Who are some of your favorite writers?
My favorite screenwriters include Jon Spaihts and Eric Heisserer, who wrote two of the best movies of 2016 — Jon with Passengers and Eric with Arrival. Growing up I was in awe of Lawrence Kasdan, who wrote three of my favorite childhood movies, Raiders of the Lost Ark, The Empire Strikes Back, and Return of the Jedi. I got to meet him at the Rogue One premiere and it was probably the most starstruck I’ve ever been. My favorite authors are Kurt Vonnegut, Terry Pratchett, and — probably most of all — Douglas Adams. I honestly don’t know if I’d have a career as a writer without the inspiration I got from The Hitchhiker’s Guide to the Galaxy.
What inspires you?
Great writing. And more than anything, seeing great screenwriting succeed against all the odds in the film business. To go back to a previous answer, Passengers and Arrival are both tremendous scripts that struggled for years to make it to the big screen, but in the end they both did and with spectacular results. Great writing always wins in the end.
How do you propel yourself through a project?
The best thing you can do is choose your projects carefully. Writers don’t always have this luxury at the start of their careers, but it’s important to find the jobs and the projects that genuinely excite you creatively, not just things that will get you a paycheck. But even on the true passion projects it can be difficult — the work you most care about can cause you not just the most pleasure but the most pain. On every project there are times when you just want to bang your head against a brick wall. But when it’s going well, when the writing feels good, when it’s just flowing through you, it’s the best feeling in the world. Those moments of joy will always make the less fun parts worthwhile.
When you’re writing, do you mentally cast actors in the parts?
Sometimes, yeah, just so I can close my eyes and run scenes in my imagination. But with Eli, I never had anyone specific in mind. I was kind of amazed when we got Denzel, because I never for one moment thought we would get anyone on that level. After he came on board I worked with him to tailor the character more for him, and that’s the best luxury in the world because you no longer have to imagine an actor in the part, you know exactly who you’re writing for.

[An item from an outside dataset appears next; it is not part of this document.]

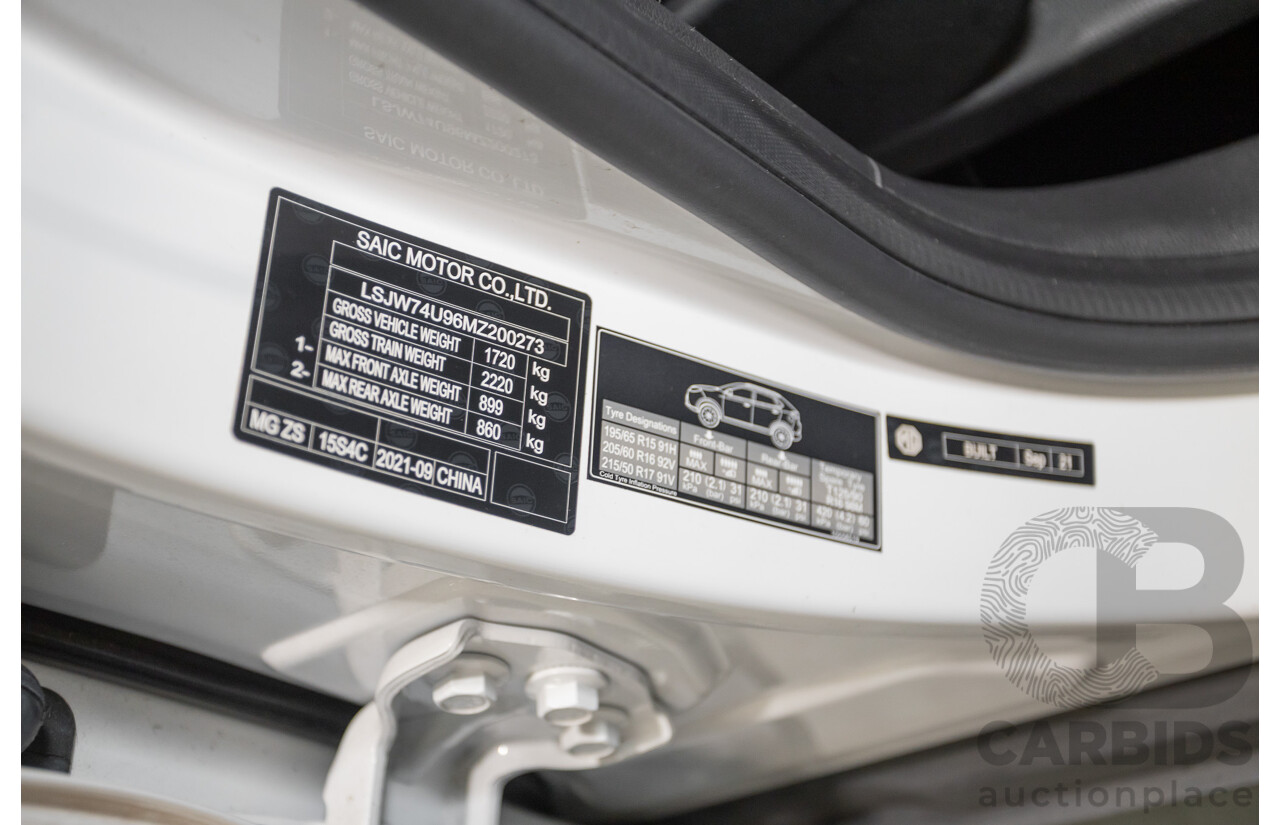 12/2021 MG ZS Excite AZS1 MY21 4D Wagon Dover White 1.5L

Any advice for aspiring screenwriters?
Write. Don’t make excuses, write. And finish what you write, it’s the greatest feeling in the world to get to FADE OUT or THE END, even if it’s just the first sloppy rough draft that’s going to need a lot of work. If you want to be a screenwriter, study great screenwriting. Find scripts on the internet — it’s easy to do nowadays — and read them. And don’t get too bogged down in reading how-to books or by screenwriting “gurus” who promise to know the secrets to writing a blockbuster. I promise you, they don’t.
Anything you’d like to plug? 🙂
I’m always happy to plug my novel, Abomination, which I’m very proud of. It’s kind of a gnarly mash-up of English medieval history and Lovecraftian horror, so you’ve got Vikings and war and magic and monsters all in the mix. You can find it at Inkshares.com or on Amazon and you can get the digital version for only a dollar!
Many thanks to Gary for taking the time to speak with us!